3. SHARES AVAILABLE UNDER PLAN.
(a) The shares of Common Stock which may be made the subject of Option
Rights and Appreciation Rights pursuant to this Plan may be treasury shares or
shares of original issue or a combination of the foregoing.
(b) Subject to adjustments in accordance with Paragraph 7 of this Plan, the
maximum number of shares of Common Stock which may be sold upon the exercise
of Option Rights granted pursuant to this Plan shall be 5,000,000 shares of
Common Stock which are made available for sale by virtue of this Plan. For
purposes of determining the number of shares that may be sold under the Plan,
such number shall increase by the number of shares surrendered by an optionee
or relinquished to the Corporation (a) in connection with the exercise of a
Stock Option or (b) in payment of federal, state and local income tax
withholding liabilities upon exercise of an Option Right.

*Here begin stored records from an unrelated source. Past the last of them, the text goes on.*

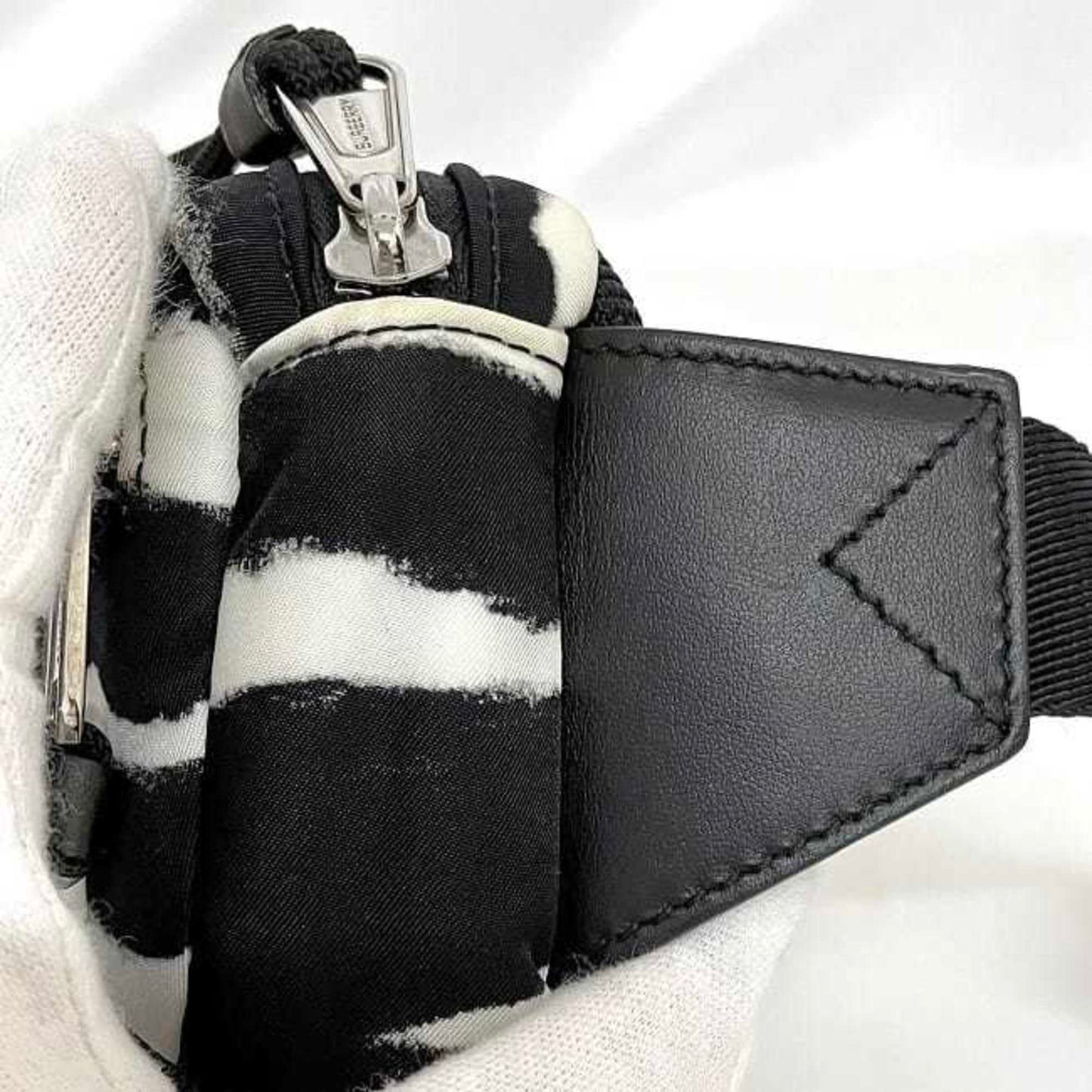 Burberry Body Bag Ec-22942 White Black 8028956 Nylon Leather Burberry Crossbody Belt Waist Pouch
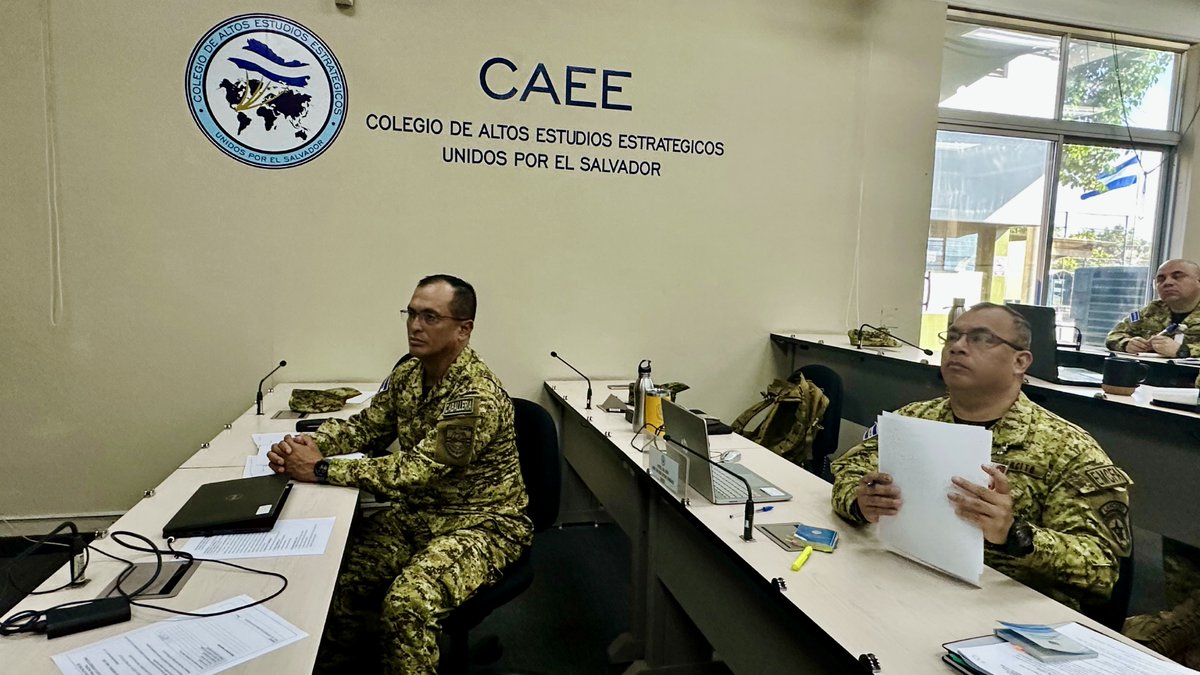 Mediante la conferencia denominada “Ley de Acceso a la Información Pública”. En dicha ponencia, se destaca la relevancia y correlación de la #LAIP con la defensa nacional y el fortalecimiento del Estado.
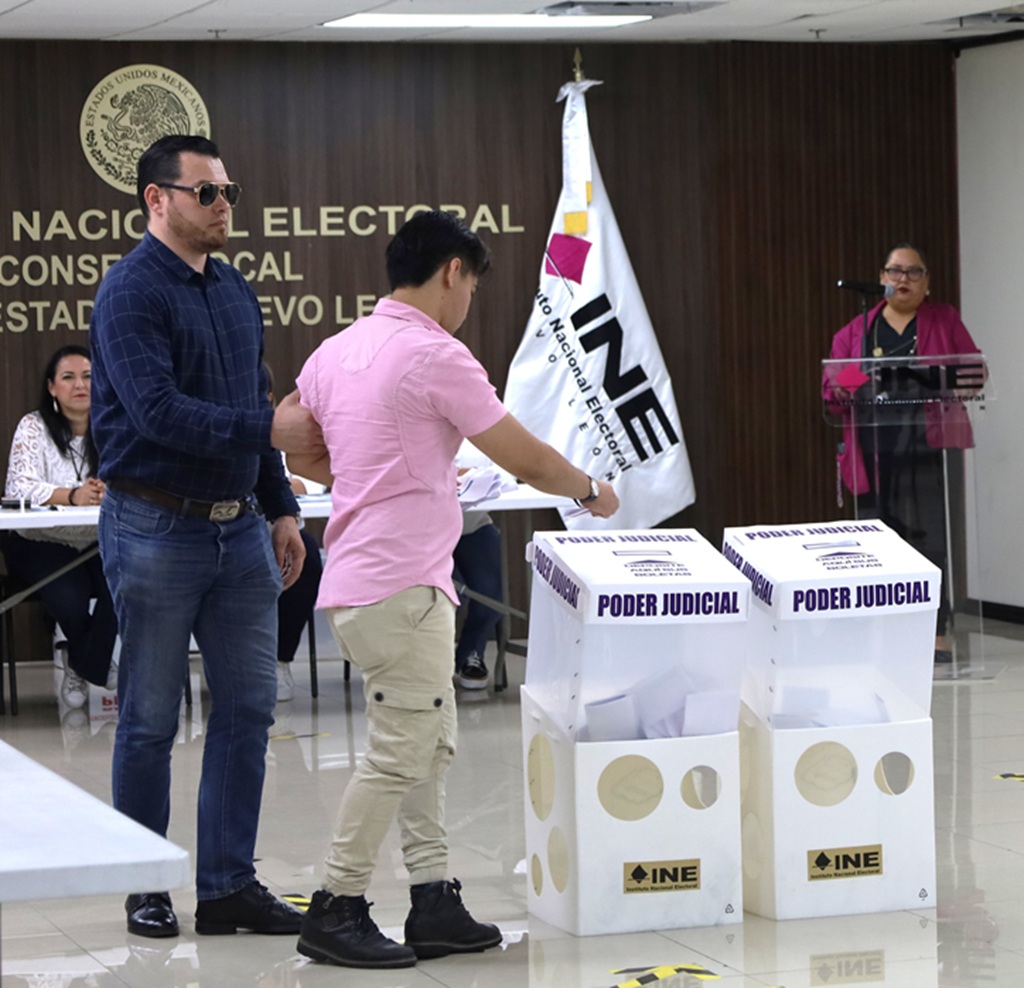 una persona con debilidad visual apoyada por otra persona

(c) Subject to adjustments in accordance with Paragraph 7 of this Plan, the
maximum number of Shares of Common Stock which may be delivered upon the
exercise of Appreciation Rights granted pursuant to this Plan shall not exceed
5,000,000.
(d) Shares covered by Option Rights cancelled upon exercise of Appreciation
Rights shall not be available for the granting of further Option Rights under
this Plan or under any other stock option plan of the Corporation or of any of
its Subsidiaries, anything in this Plan or such other stock option plan to the
contrary notwithstanding.
4. GRANTS OF OPTION RIGHTS. The Board of Directors may, from time to time
and upon such terms and conditions as it may determine, authorize the granting
to Eligible Employees of Option Rights. Each such grant may utilize any or all
of the authorizations, and shall be subject to all of the limitations, contained
in the following provisions:
(a) Each grant shall specify the number of shares of Common Stock to which
it pertains.
(b) Each grant shall specify an option price per share not less than the
Market Value per Share on the date of grant.
(c) Successive grants may be made to the same Eligible Employee whether or
not any Option Rights previously granted to such Eligible Employee remain
unexercised. No Eligible Employee may, however, be granted under this plan, in
the aggregate, more than 500,000 Option Rights, subject to adjustment pursuant
to Paragraph 7 of this Plan.
(d) Option Rights granted under this Plan may be (i) options which are
intended to qualify under particular provisions of the Internal Revenue Code,
as in effect from time to time, (ii) options which are not intended so to
qualify, or (iii) combinations of the foregoing.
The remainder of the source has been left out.